Publication Date: July 2019
Publisher: Center for Retirement Research at Boston College
Author(s): Anek Belbase; Alice Zulkarnain
Keywords: Emergency saving; rainy day fund; Retirement saving; Managing money
Coverage: United States
Despite a strong economic recovery, about 40 percent of households in 2017 still said they would have trouble paying for a $400 unexpected expense. When households are operating under such a tight budget, building a nest egg for retirement can be challenging. This brief uses data from two Federal Reserve surveys – the Survey of Household Economics and Decisionmaking and the Survey of Consumer Finances – to understand why so many households say they are unable to cover a relatively small unexpected expense.

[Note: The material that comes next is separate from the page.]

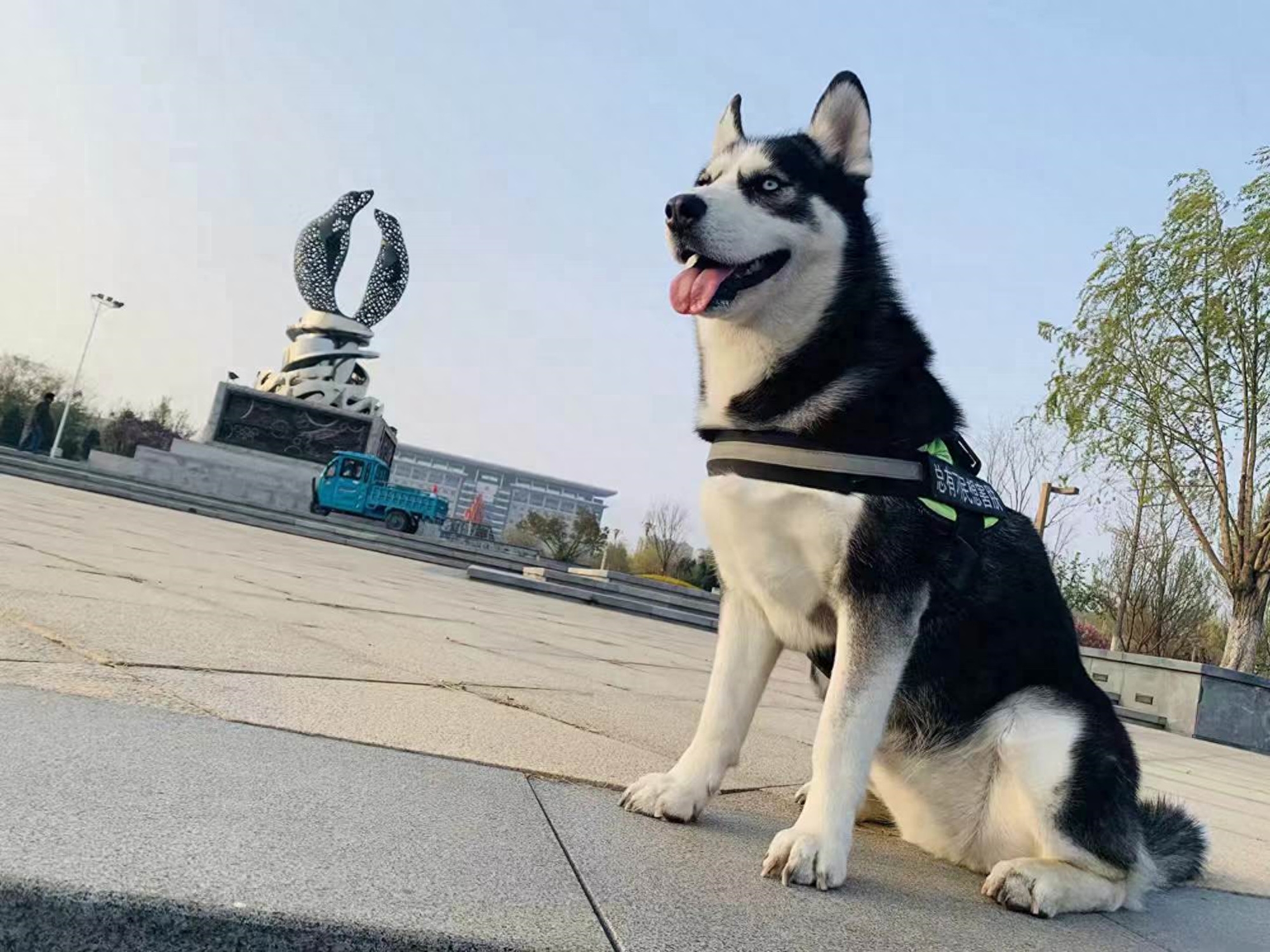 同是雪橇犬，二哈和阿拉斯加的差别咋这么大：胜在气质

The discussion proceeds as follows. The first section uncovers a difference between what households say they can afford and what they actually have in their checking/savings accounts. The second section shows that many households, despite having enough in these accounts, may be unable to weather small financial surprises due to unpaid credit card debt. The third section examines whether financial literacy is the problem and finds that it is not. The fourth section uses latent class analysis to examine the characteristics of these vulnerable households. The final section concludes that credit card balances and installment loans (e.g., mortgages, student loans) may be seriously constraining household budgets and are the likely reason that so many middle and higher-income households feel cash-strapped.